The process goes through various stages. Empathetic sketch, models in cardboard and plaster, then in styrene to get its beauty. Followed by wood and aluminum to study its weight and movement. Finally, the aluminum is sand cast into bronze or heated on a fire and hammered into shape. The aluminum is covered in sand and melted. Into this sand mold liquid bronze is poured. The process is much like lost-wax cast, as with Pendulum. Another blacksmith process is when the steel is heated and then hammered into shape, as with The Wave. When cooled, the sculpture is hand sanded and polished.

Your installations range from intimate works to large-scale public commissions. How does context influence your approach?
As an architect I believe in context. I like my work to be a part of nature, yet having its own personality. All my sculpture is based on the religion of gravity and weight creating simplicity and purity. Like a ball, it is easy to read and enjoy as it rolls.

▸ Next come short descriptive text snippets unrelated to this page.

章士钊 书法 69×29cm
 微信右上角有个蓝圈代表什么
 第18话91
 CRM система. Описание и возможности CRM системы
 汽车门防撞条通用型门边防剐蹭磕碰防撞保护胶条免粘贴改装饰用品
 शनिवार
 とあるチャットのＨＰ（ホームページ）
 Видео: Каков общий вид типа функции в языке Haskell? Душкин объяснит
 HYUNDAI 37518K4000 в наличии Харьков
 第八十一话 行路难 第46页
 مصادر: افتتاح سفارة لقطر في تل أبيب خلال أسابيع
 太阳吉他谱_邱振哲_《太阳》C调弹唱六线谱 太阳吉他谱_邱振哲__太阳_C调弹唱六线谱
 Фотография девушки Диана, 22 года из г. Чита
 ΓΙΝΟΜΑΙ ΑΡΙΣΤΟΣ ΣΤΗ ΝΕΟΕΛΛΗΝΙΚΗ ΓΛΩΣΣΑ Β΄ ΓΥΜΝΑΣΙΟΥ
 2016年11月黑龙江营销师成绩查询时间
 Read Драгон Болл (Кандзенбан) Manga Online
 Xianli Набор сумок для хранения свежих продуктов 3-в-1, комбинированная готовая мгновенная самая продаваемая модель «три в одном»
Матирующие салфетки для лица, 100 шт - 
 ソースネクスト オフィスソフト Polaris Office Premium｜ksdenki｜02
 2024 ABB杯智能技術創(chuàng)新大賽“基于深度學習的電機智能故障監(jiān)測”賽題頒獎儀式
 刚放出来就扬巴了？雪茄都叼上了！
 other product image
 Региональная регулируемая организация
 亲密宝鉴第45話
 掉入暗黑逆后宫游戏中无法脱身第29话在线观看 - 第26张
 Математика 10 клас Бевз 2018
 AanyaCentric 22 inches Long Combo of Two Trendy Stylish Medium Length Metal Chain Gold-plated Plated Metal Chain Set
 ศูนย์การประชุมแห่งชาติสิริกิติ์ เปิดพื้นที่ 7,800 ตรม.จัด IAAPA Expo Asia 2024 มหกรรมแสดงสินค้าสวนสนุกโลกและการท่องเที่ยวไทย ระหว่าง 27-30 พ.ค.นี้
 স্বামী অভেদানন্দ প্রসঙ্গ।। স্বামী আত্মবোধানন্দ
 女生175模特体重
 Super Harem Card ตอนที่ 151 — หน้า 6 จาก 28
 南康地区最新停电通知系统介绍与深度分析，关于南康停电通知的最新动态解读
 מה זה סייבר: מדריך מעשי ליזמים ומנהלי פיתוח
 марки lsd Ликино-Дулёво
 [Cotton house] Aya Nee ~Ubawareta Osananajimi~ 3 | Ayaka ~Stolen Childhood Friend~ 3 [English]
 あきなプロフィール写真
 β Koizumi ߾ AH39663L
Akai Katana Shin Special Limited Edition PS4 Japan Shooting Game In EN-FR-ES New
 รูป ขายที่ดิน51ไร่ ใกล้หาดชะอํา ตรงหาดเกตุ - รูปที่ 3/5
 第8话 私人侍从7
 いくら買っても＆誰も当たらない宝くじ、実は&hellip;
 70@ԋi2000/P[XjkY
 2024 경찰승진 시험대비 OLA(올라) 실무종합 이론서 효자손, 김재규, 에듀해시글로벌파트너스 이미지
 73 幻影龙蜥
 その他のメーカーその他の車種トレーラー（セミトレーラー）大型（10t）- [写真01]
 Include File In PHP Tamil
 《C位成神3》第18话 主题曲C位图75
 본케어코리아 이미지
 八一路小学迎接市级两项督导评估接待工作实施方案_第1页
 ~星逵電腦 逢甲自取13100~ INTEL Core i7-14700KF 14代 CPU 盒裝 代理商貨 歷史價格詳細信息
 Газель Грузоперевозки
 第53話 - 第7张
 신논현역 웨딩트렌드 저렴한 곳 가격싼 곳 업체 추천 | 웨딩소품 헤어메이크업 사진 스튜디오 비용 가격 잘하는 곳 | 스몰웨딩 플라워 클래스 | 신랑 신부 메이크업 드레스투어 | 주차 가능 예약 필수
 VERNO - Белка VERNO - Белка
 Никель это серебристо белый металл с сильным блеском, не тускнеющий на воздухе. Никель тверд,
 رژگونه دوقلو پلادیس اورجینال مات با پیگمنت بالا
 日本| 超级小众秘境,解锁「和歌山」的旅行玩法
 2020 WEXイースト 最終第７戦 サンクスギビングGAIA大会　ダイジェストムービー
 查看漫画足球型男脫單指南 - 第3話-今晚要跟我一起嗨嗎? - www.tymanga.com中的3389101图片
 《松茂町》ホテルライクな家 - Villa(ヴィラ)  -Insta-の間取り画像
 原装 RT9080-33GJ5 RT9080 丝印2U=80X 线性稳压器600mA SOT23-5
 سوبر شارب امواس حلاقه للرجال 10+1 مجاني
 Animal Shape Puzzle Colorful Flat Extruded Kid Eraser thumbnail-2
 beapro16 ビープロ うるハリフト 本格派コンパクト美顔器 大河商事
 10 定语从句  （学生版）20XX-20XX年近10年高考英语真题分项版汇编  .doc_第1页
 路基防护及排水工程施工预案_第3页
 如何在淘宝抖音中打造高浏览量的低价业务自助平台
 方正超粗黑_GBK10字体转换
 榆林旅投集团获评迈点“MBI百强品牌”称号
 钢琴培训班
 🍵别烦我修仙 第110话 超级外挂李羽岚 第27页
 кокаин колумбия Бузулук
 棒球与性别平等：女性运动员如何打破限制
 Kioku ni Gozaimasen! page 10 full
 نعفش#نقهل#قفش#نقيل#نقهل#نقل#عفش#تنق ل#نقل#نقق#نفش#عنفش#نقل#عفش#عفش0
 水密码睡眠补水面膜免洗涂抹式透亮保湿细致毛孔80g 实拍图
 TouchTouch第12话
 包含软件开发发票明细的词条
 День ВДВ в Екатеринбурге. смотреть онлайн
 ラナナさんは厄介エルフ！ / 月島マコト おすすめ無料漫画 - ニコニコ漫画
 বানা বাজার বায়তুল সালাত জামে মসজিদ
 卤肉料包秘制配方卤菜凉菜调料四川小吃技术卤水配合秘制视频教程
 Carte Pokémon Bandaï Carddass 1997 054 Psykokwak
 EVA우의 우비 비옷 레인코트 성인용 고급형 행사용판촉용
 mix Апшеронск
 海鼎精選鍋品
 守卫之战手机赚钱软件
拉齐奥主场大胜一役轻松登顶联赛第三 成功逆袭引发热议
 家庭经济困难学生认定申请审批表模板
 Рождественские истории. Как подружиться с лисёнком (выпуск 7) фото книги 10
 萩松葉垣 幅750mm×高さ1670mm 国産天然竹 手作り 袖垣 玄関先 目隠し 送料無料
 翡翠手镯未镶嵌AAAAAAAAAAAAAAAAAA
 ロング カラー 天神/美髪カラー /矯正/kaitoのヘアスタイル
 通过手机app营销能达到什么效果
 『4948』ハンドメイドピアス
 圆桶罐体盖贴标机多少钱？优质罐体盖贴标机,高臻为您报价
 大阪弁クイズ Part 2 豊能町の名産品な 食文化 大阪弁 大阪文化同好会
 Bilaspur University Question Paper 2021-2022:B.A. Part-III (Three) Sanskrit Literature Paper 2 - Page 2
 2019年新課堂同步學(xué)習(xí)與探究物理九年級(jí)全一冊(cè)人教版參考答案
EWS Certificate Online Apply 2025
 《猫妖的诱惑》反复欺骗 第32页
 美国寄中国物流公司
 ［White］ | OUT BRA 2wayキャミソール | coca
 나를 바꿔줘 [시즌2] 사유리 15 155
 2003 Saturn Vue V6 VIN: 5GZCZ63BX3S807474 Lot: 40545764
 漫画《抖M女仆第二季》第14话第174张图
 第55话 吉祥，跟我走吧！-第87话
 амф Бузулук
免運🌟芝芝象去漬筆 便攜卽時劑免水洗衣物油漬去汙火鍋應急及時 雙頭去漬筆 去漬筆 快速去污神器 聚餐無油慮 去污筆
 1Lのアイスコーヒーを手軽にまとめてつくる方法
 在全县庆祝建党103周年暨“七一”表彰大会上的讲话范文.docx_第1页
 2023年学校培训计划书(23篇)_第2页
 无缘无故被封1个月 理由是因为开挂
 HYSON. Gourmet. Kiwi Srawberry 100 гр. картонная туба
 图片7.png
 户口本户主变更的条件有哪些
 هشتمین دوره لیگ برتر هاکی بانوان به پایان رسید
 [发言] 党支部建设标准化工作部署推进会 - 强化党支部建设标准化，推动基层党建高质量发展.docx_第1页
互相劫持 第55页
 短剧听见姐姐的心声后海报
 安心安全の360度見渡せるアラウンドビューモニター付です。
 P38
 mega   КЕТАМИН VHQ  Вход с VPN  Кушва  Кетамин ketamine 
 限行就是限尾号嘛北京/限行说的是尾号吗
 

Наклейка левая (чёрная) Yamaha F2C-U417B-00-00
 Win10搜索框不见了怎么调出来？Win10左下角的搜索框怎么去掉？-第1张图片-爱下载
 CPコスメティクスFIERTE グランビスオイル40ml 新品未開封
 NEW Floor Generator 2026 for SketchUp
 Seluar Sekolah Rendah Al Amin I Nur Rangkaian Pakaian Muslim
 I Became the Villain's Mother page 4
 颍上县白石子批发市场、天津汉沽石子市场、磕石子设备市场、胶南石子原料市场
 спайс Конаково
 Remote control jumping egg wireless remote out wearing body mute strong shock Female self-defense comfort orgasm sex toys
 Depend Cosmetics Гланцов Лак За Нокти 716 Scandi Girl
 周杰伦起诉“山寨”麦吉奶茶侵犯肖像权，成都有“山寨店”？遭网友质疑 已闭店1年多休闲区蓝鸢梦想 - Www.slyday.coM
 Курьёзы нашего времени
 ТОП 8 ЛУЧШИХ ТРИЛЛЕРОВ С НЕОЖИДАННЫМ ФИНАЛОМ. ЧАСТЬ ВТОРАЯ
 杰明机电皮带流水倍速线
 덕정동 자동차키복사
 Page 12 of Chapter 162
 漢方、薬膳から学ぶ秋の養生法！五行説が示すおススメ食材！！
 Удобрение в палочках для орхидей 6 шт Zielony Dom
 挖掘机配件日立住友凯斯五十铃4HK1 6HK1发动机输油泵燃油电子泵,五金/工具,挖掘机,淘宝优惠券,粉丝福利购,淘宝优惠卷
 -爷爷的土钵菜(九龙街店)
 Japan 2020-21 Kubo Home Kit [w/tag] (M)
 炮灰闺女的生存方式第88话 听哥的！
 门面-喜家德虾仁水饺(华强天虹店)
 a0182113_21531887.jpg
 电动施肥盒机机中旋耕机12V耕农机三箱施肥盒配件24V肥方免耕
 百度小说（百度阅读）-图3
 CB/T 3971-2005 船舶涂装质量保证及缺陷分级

Is there a sculpture that you feel encapsulates your vision of grace, movement, and structural clarity?
As a sculptor, Tarana has been most challenging. It grew from a circle that twisted and stretched itself out to the sky at 20 feet tall. Like a ballerina, it stands gracefully. When looked at from various angles the conversation between the positive and negative spaces is fluid and natural. Various models were made in styrene, wood and stainless steel at 18 inches high, then it was blown up at 20 feet and changed accordingly to make it read right in a monumental size. It was structurally engineered and detailed with utmost care. Finally, a plinth with footings 15 feet deep was designed to hold the 2-ton structure at wind speeds of 60 miles an hour. Today this sculpture stands at Vimala Vidyalaya, a school in India. It was designed to be made in stainless steel for Harvard Business School in America and was nominated by Dean Nitin Nohria. This whole experience was my most significant achievement.
Beauty is a complex concept. How do you define it in relation to motion and longevity in sculpture?
A form that withstands the test of time in its simplicity, grace, and beauty is a successful sculpture. It is beautiful when stationary, and when moving creates its own dynamics. This lives on forever through life, timeless. I strive for this success in my sculpture.


Outside the studio, what restores your imagination and keeps you attentive to movement in the everyday?
I love to people-watch in New York City. It is a mecca where tourists come from all over the world. On the weekend I love to barbecue for family and friends. I love to draw, freezing memories.
What advice would you give a young artist seeking their own language in a world that demands originality and resilience?
I would say, “Dream.” Fall in love and follow your dreams. Everyone has a genius within them that needs to be nurtured and developed. Life is a long journey and let this genius within you be the fire that leads you forward into the world.